Farm waterway through fields

Regulating waters on landowner properties, giving more space for chickens, and repairing your own tractor were all significant developments in laws impacting agriculture in 2023 and all will bear watching in 2024.


The National Agricultural Law Center at the University of Arkansas compiled a top 10 list for the most influential agricultural and environmental law issues from the past year. Some actions on that list remain legally unresolved in the new year.


Tops on the list was WOTUS (Waters of the United States). In 2015, President Barack Obama expanded the Clean Water Act of 1972 so that it would better define waterways. The expansion added streams and other smaller bodies of water, including those that are temporary following snowmelt. The idea was to protect those additional waterways from pollutants that could then travel into larger water supplies.


RELATED: The National Association of Wetland Managers traces the history of the Clean Water Act from 1972 throughout numerous administration policy changes and legal challenges. Read that here. 


Environmentalists praised the additional protections and lauded what they would mean for cleaner waterways.  “…streams flow into our great waterways. People don’t realize their importance,” Environment Texas Director Luke Metzger told the Texas Tribune in 2014.



However, two and a half years after he took office, President Donald Trump’s Environmental Protection Agency announced a rollback of those additional protections following backlash from some farmland owners and industry groups.



The National Milk Producers Federation (NMPF) was among the groups that opposed WOTUS. Here is what the organization said in 2019 after the EPA repealed WOTUS:


“The WOTUS regulation that took effect in 2015 was deeply unpopular among farm groups. Citing the many ambiguities and uncertainties of EPA’s then-proposed rule, NMPF urged EPA to rethink it in 2014, before it was adopted.” 

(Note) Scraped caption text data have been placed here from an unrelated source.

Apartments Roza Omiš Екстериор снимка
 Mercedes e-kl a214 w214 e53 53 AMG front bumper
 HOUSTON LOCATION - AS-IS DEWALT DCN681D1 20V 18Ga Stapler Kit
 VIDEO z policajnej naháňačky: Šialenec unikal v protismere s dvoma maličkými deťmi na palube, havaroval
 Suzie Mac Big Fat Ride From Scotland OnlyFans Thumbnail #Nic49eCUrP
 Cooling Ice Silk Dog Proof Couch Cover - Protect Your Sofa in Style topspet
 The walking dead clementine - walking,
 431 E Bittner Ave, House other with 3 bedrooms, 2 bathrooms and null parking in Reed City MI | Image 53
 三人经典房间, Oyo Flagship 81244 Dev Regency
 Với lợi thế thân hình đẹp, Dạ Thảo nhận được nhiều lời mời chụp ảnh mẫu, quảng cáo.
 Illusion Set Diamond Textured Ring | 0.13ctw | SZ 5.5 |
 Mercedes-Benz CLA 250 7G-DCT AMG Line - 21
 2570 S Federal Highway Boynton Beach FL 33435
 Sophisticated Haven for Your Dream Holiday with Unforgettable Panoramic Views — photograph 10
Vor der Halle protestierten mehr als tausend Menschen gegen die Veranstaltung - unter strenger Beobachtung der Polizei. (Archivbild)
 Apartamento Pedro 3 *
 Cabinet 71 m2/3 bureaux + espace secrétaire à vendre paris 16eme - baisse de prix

Following a series of legal challenges over the years, the EPA, and Army Corps of Engineers released a new rule to federally regulate waterways. Carolyn Berndt, the National League of Cities


Legislative Director for Sustainability on the Federal Advocacy team, wrote that “the new rule tries to find the middle ground compared to the Obama and Trump rules.” 


RELATED: The U.S. Environmental Protection Agency and the U.S. Army Corps of Engineers issued a final rule in 2023 that amends WOTUS to conform to the U.S. Supreme Court’s decision regarding Sackett v. Environmental Protection Agency. Read that here. 


Finally, last year the Biden administration issued its final rule that changed WOTUS once again following a U.S. Supreme Court decision. But that doesn’t mean that legal decisions or subsequent presidential administrations won’t change it again.